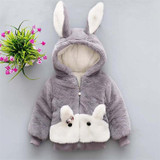 Baby Girl's Outwears Chirldren Warm Rabbit ear Jacket Hooded Infant Coats Toddler Winter &amp; Autumn Clothing Little Kids Clothes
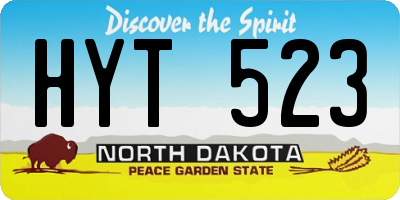 ND license plate HYT523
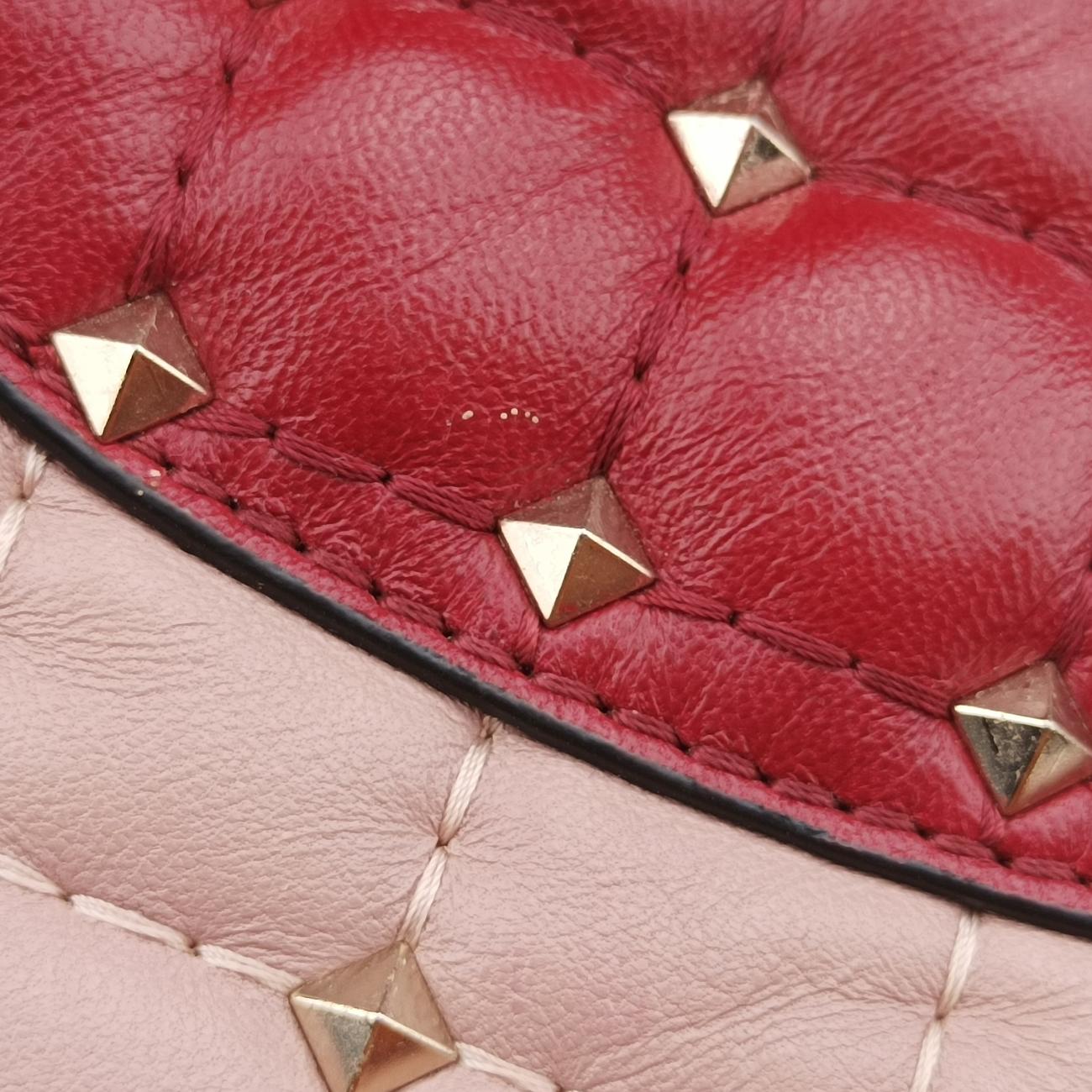 Vintage Valentino Rockstud Red×Pink Leather  shoulderbag | stylenewstar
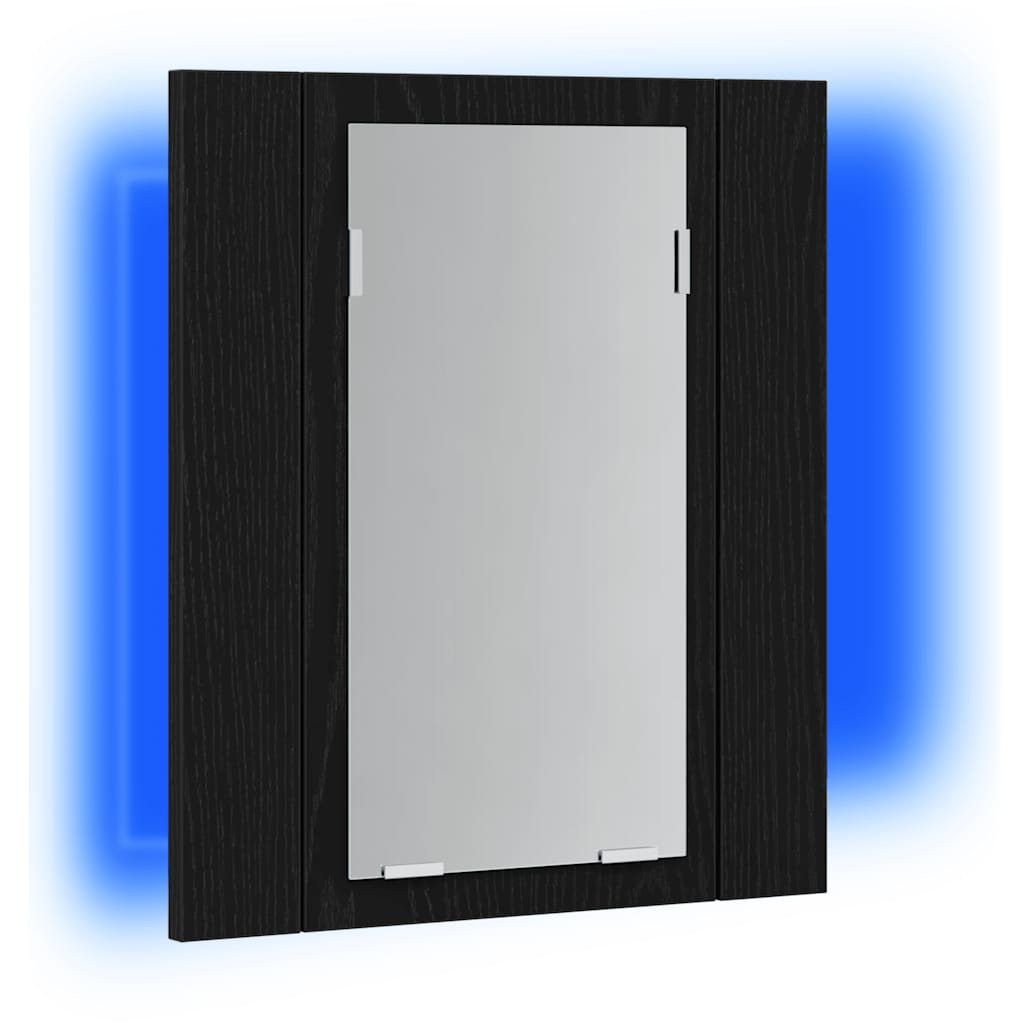 Armário de banheiro com espelho LED em carvalho preto, 40x12x45 cm, madeira engenheirada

* _Required work_: Reproduce the data above without a single change, please, but without its pictures.

* _Answer space_:
 Baby Girl's Outwears Chirldren Warm Rabbit ear Jacket Hooded Infant Coats Toddler Winter &amp; Autumn Clothing Little Kids Clothes
 ND license plate HYT523
 Vintage Valentino Rockstud Red×Pink Leather  shoulderbag | stylenewstar
 Armário de banheiro com espelho LED em carvalho preto, 40x12x45 cm, madeira engenheirada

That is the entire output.